# Top Three Favorite Recipes



## mudbug (Dec 30, 1999)

Hi all!

Needing some inspiration... What are your top three favorite recipes you like to make at home? (Sticky Chicken not included  )


----------



## isa (Apr 4, 2000)

There are so many. Are you talking baked good or entree or main dish or dessert? I'll give you a few of each.  



I'll have to say scones and cinnamon bread for breakfast. There's also a pecan granny smith muffin I really like.


In winter, nothing beats onion soup. White asparagus vinaigrette. I can't think of anything else, there must something wrong with me this morning.


Main dish, in winter I really enjoy paprika chicken. Red lentil dahl is also a favourite and finally pasta with a tomato eggplant sauce.


Dessert, apple crisp, for now anyway. Tapioca brulee is great. The fun of the brulee without all the calories. Creme caramel.


----------



## mudbug (Dec 30, 1999)

Isa,

Open to anything. Look forward to the recipes!


----------



## isa (Apr 4, 2000)

What recipes?


----------



## shimmer (Jan 26, 2001)

Tomato-lentil soup. Thick, spicy, and the best thing for cold misty evenings.

Aggression cookies (how can you not love to make cookies that you mix by hand!?!?)

Sauteed mushroom and swiss omelettes

I guess my three dishes are the favorites of my husband, which makes me think I enjoy making things the most when it is for someone else. As simple as they are, sometimes simple can be more impressive than intricate masterpieces.


----------



## isa (Apr 4, 2000)

What are aggression cookies Shimmer?


----------



## nancya (Apr 30, 2001)

1. Fresh bread...what a surprise. And I knead by hand if I'm feeling the need to beat something (Bam! Bam! Bam!)

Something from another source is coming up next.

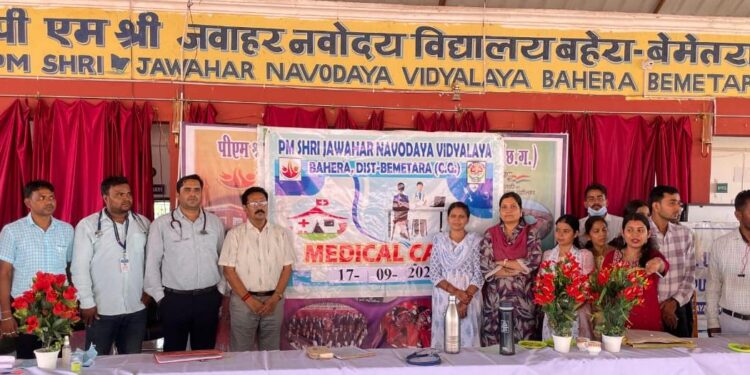 सेवा संकल्प अभियान : पीएम श्री नवोदय विद्यालय कुसमी में सफलतापूर्वक स्वास्थ्य शिविर आयोजित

2. Lasagna a la Andersons. Probably would not be recognizable to Italians...but it's home.

3. Chocolate cake. Almost any kind...but just discovered a chocolate orange cake I am in love with. (must restrain myself)

:bounce:


----------



## athenaeus (Jul 24, 2001)

Couliflower cream soup or onion soup or tomato soup (it depends on the season)

Bread kneaded with my hands that I make three times a week anyway 

Everykind of barbecued juicy meat. 


Carnivorous Athenaeus


----------



## shimmer (Jan 26, 2001)

First of all, Nancya- recipe for chocolate orange cake please! Are there even other ingredients in the world that cause such massive cravings as the combo of chocolate and orange? I even add orange extract to my brownies....

Okay, here is the recipe for aggression cookies. I've had it since I was about 8, from a cookbook my Mom bought called "Cooking for Kids" or something like that. It has always been my favorite!!

*Aggression Cookies* 
3 cups oatmeal
1 1/2 cups brown sugar
1 1/2 cups flour
1 1/2 cups butter
1 1/2 tsp baking powder

(you can also add any other ingredient like chocolate chunks, nuts, raisins, etc)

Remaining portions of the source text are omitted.